** Opening SUPPLIED RECORDS block **
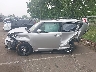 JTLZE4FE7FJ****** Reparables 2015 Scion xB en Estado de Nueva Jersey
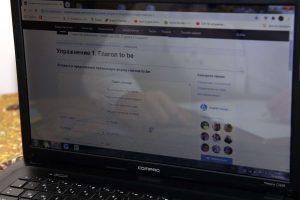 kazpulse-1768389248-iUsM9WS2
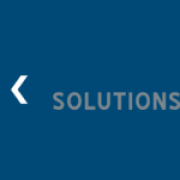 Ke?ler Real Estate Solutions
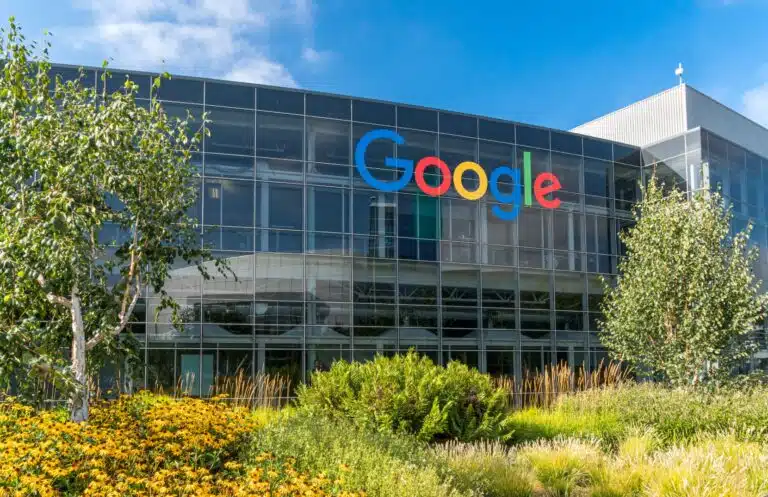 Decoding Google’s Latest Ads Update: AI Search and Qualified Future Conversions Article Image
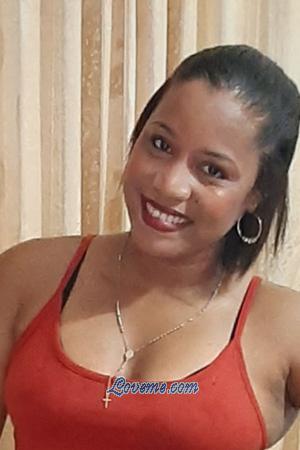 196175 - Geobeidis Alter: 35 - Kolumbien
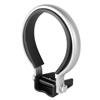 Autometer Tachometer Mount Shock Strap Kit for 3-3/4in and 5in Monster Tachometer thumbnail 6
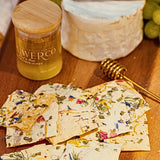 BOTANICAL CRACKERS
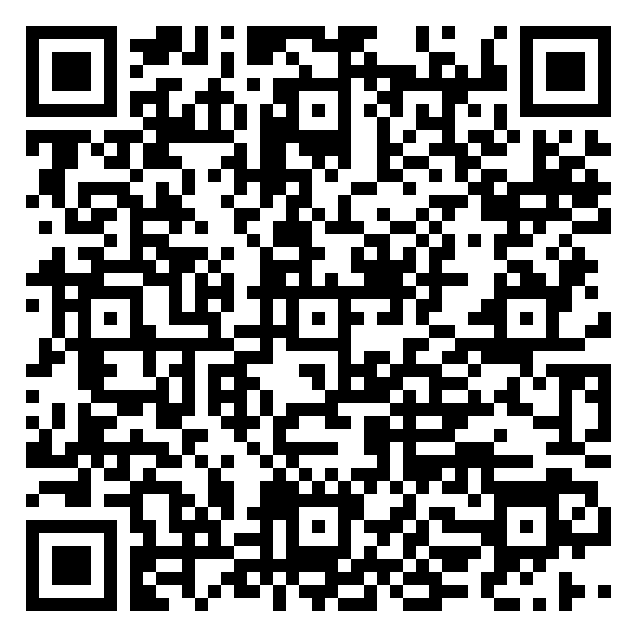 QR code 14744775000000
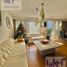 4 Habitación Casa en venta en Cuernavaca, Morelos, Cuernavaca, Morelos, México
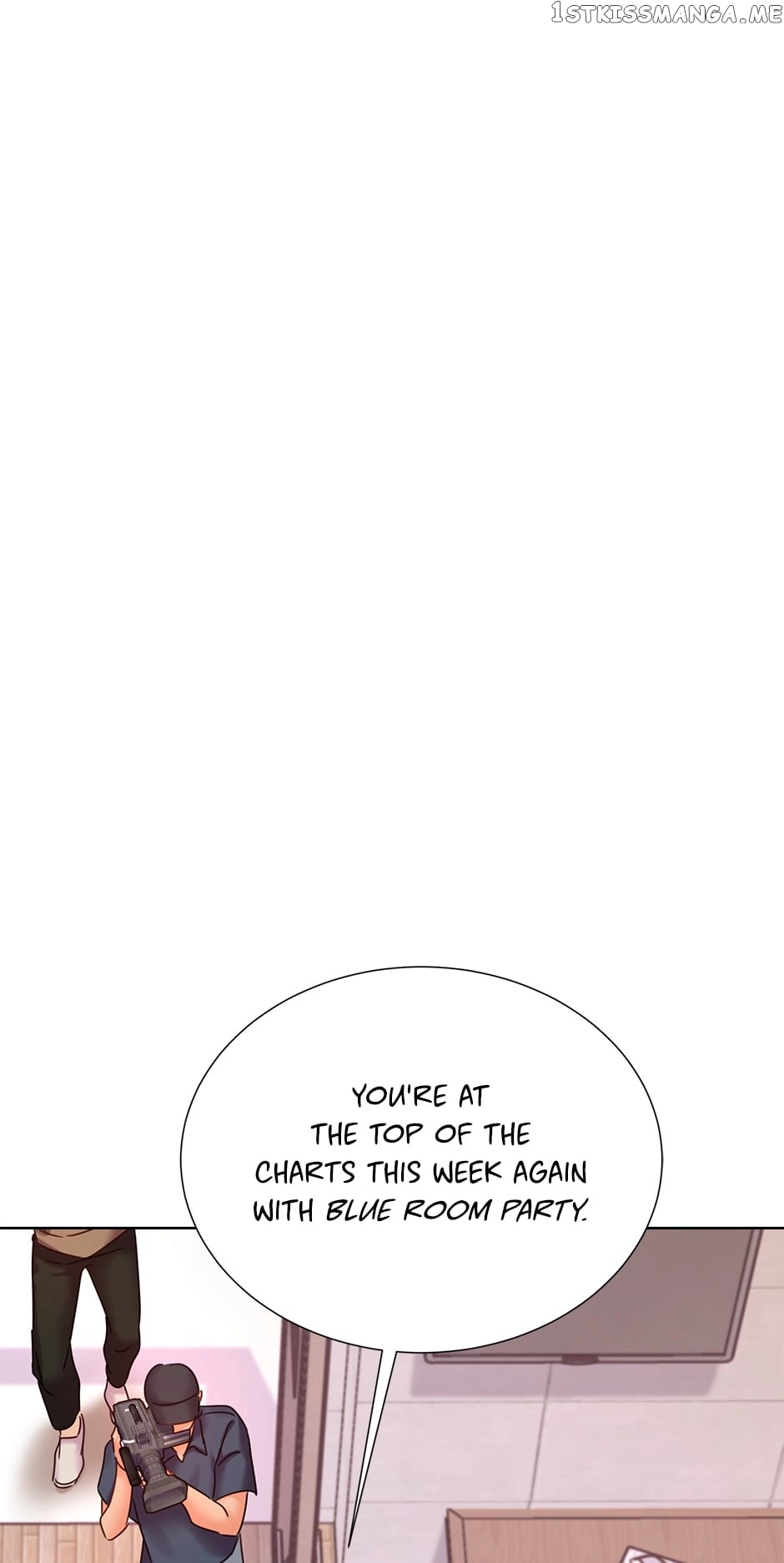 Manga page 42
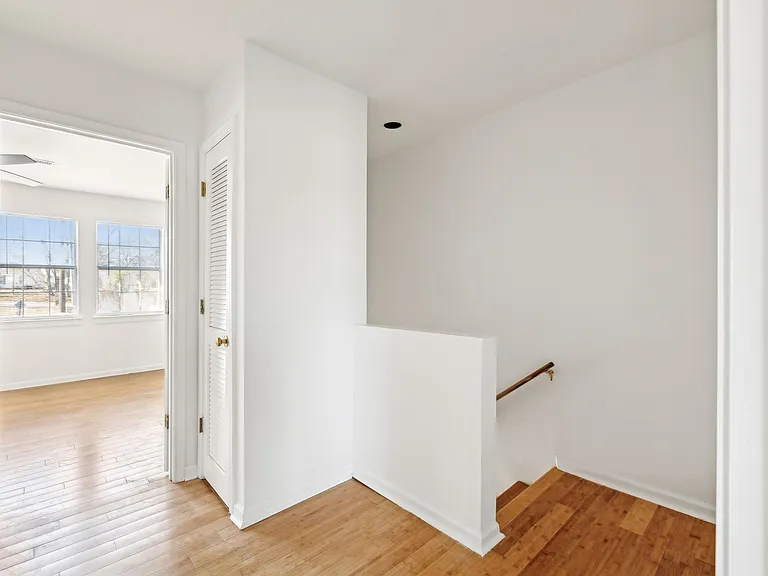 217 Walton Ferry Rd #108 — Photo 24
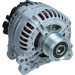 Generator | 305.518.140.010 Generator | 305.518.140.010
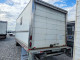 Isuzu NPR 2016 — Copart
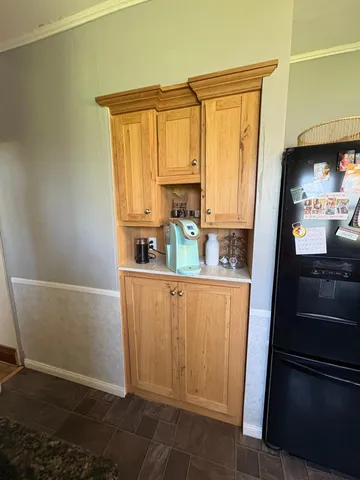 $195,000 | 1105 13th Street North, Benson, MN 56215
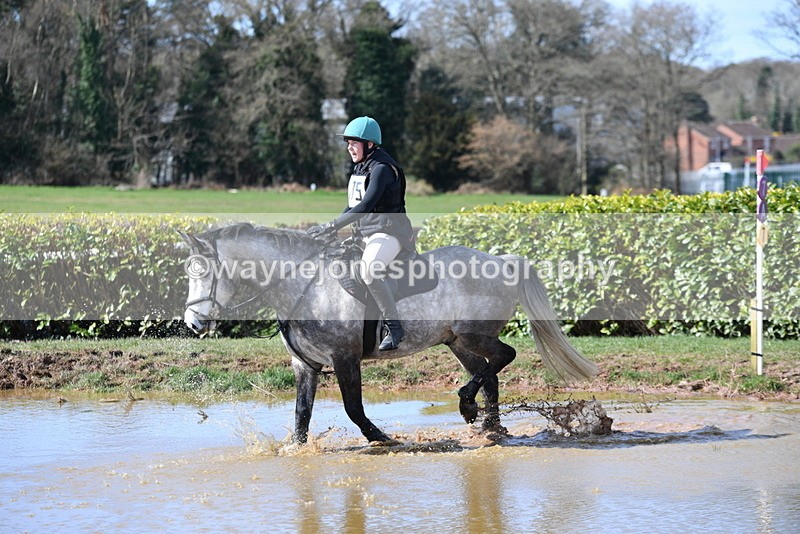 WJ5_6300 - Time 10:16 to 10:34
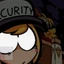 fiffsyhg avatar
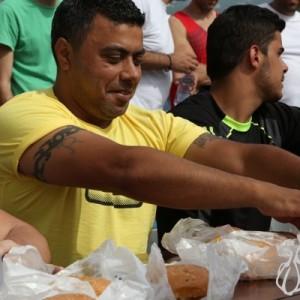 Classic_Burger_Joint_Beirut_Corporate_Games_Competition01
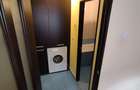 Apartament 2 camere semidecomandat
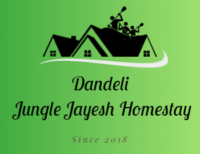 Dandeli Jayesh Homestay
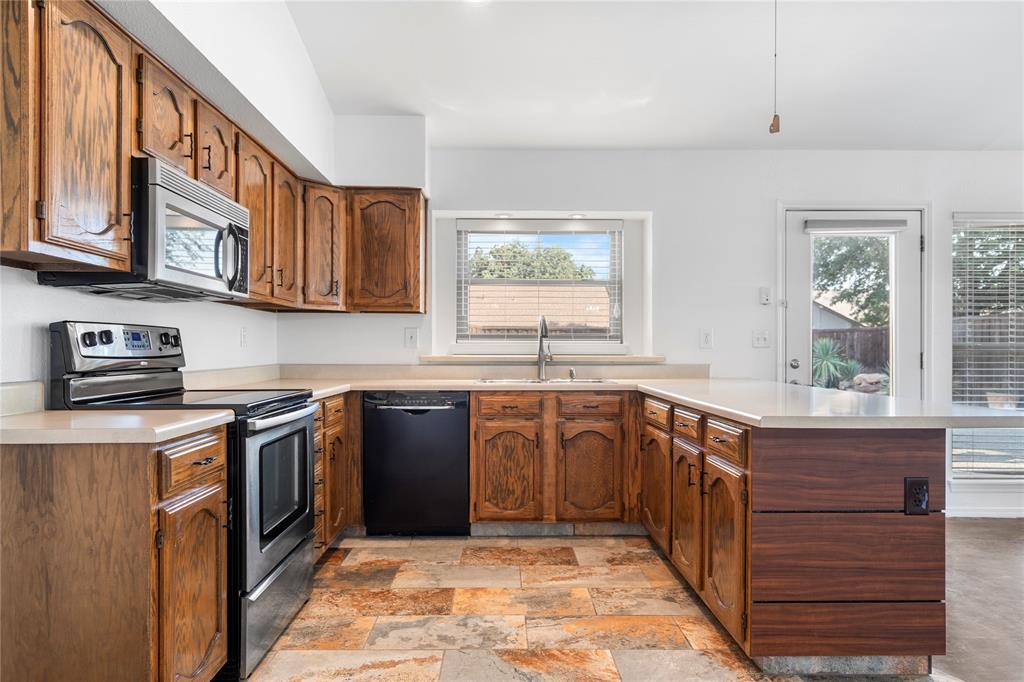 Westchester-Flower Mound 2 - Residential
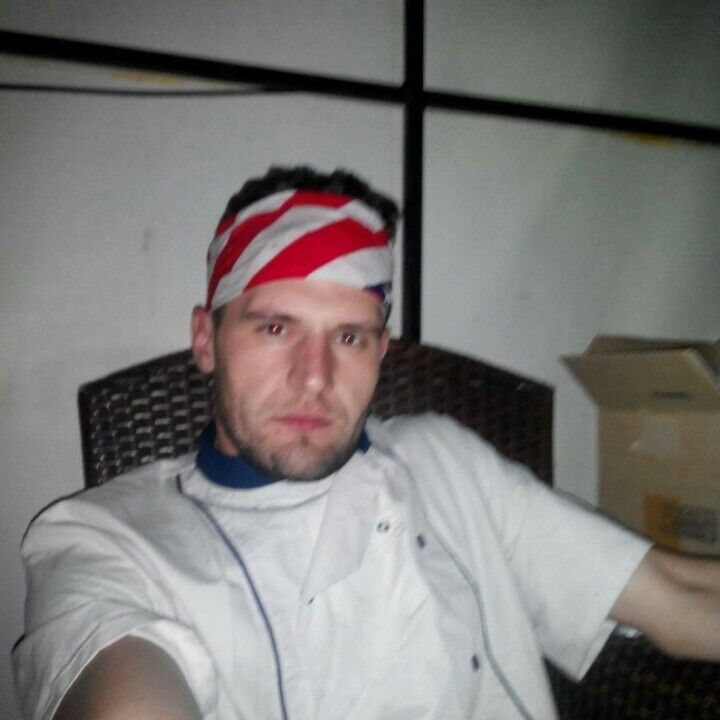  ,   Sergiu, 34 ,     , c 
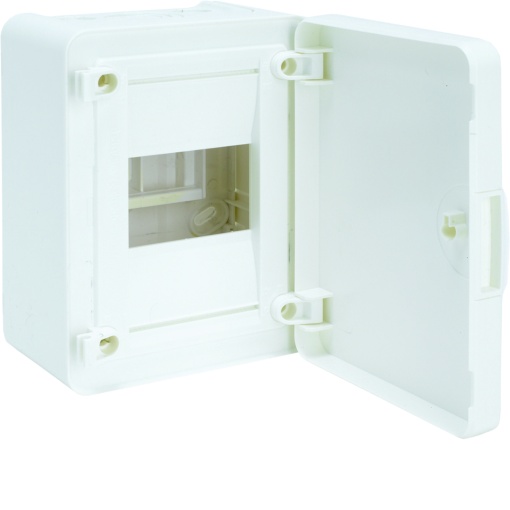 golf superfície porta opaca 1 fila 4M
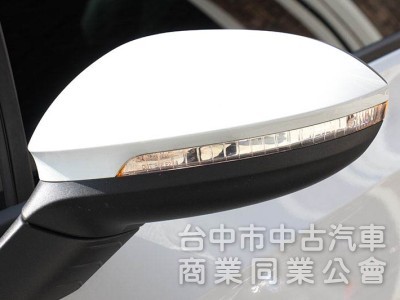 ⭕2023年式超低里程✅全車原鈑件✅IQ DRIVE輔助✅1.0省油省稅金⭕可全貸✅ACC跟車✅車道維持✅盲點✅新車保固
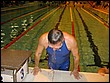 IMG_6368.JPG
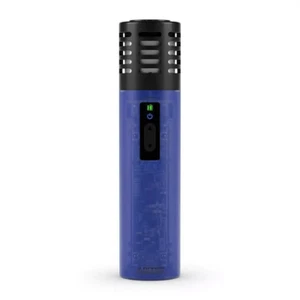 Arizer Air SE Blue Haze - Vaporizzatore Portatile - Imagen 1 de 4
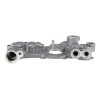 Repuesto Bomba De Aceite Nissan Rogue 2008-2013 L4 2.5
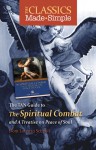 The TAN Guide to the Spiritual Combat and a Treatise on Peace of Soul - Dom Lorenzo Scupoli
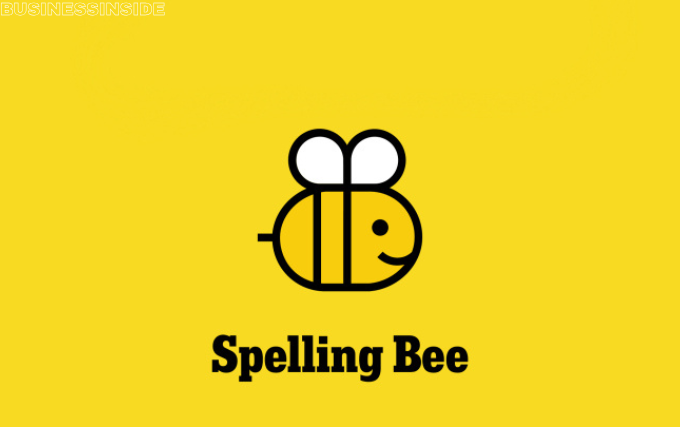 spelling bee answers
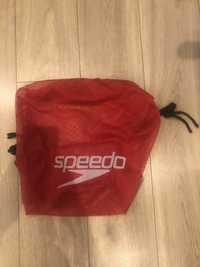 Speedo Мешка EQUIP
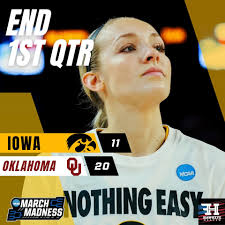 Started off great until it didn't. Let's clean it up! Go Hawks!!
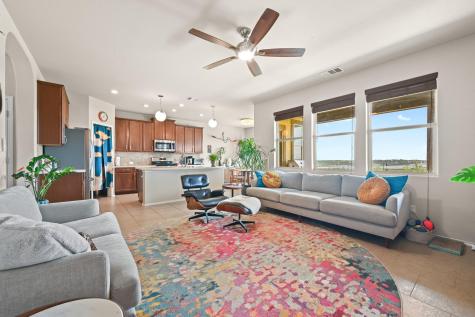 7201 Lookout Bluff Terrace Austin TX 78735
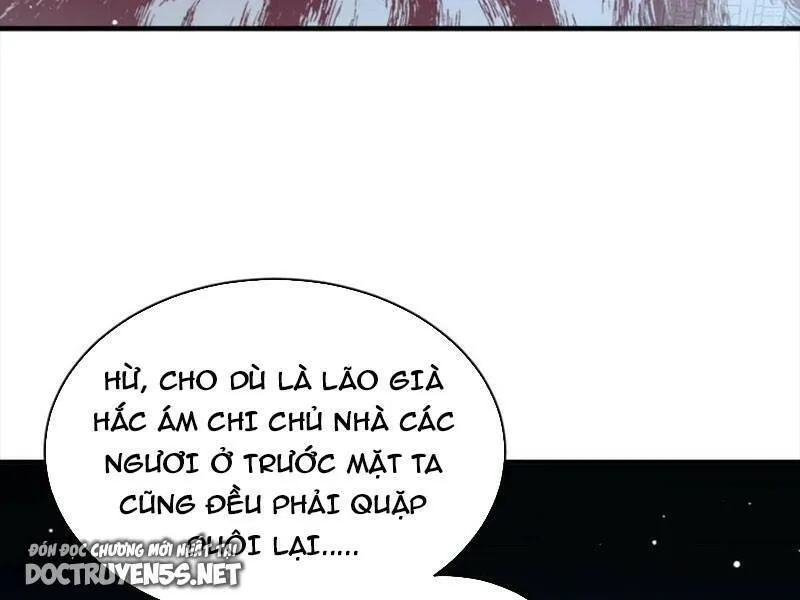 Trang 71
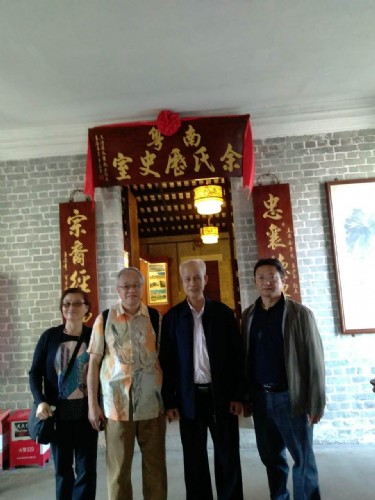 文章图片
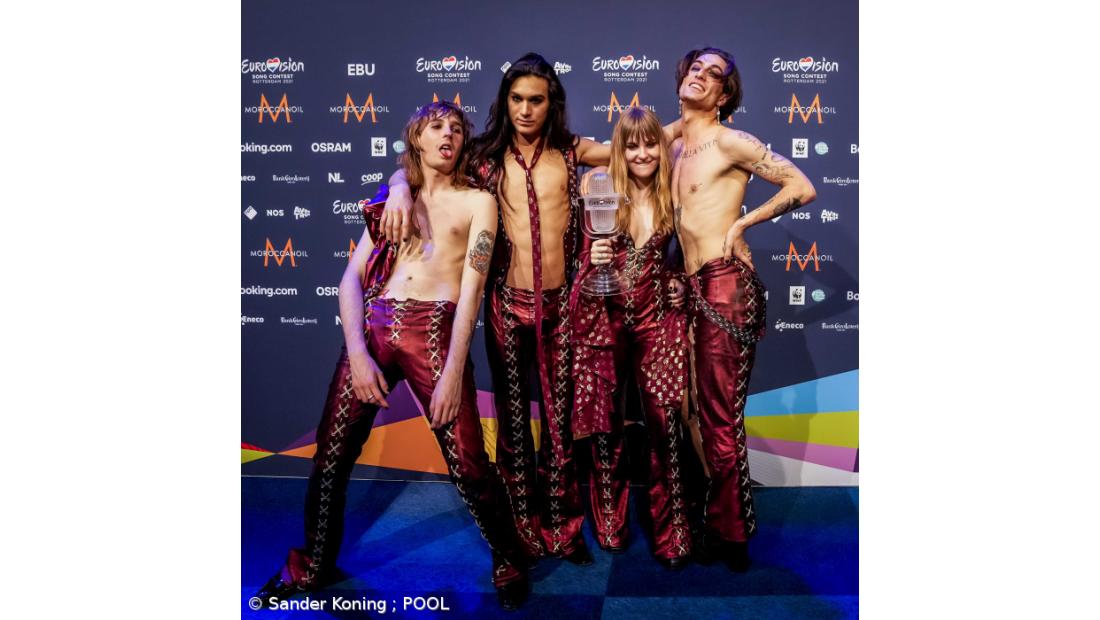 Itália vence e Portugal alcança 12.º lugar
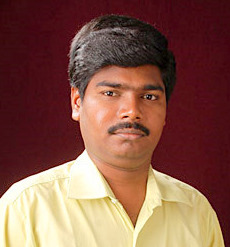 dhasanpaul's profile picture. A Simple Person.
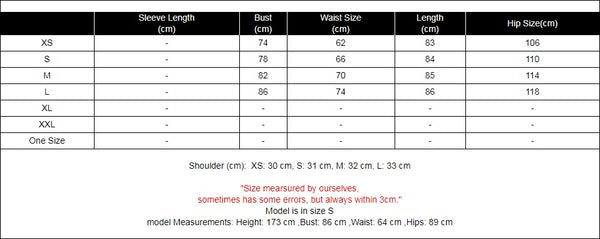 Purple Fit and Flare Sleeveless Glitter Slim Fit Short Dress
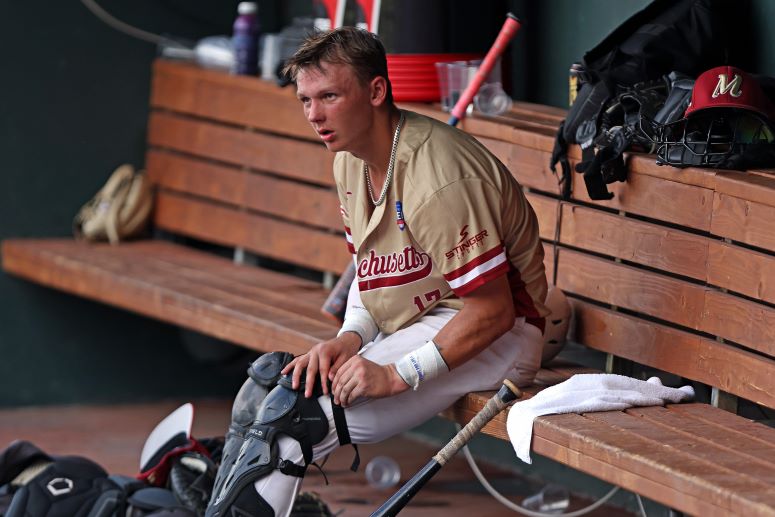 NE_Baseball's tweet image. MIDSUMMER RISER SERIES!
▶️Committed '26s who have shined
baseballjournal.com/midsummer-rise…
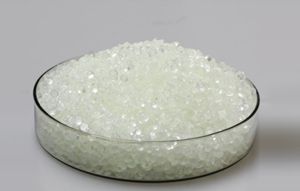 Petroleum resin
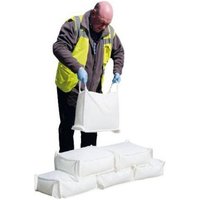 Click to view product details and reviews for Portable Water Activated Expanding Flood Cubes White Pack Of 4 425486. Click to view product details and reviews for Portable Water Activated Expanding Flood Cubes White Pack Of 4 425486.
** Closing SUPPLIED RECORDS block **
> YOUR GOAL: Only the lines of the listing above from the one with "kazpulse-1768389248-iUsM9WS2" through the one with "golf superfície porta opaca 1 fila 4M" should be output, exactly, with both ends kept and pictures left out.

> RESULT OF THIS TASK:
 kazpulse-1768389248-iUsM9WS2
 Ke?ler Real Estate Solutions
 Decoding Google’s Latest Ads Update: AI Search and Qualified Future Conversions Article Image
 196175 - Geobeidis Alter: 35 - Kolumbien
 Autometer Tachometer Mount Shock Strap Kit for 3-3/4in and 5in Monster Tachometer thumbnail 6
 BOTANICAL CRACKERS
 QR code 14744775000000
 4 Habitación Casa en venta en Cuernavaca, Morelos, Cuernavaca, Morelos, México
 Manga page 42
 217 Walton Ferry Rd #108 — Photo 24
 Generator | 305.518.140.010 Generator | 305.518.140.010
 Isuzu NPR 2016 — Copart
 $195,000 | 1105 13th Street North, Benson, MN 56215
 WJ5_6300 - Time 10:16 to 10:34
 fiffsyhg avatar
 Classic_Burger_Joint_Beirut_Corporate_Games_Competition01
 Apartament 2 camere semidecomandat
 Dandeli Jayesh Homestay
 Westchester-Flower Mound 2 - Residential
  ,   Sergiu, 34 ,     , c 
 golf superfície porta opaca 1 fila 4M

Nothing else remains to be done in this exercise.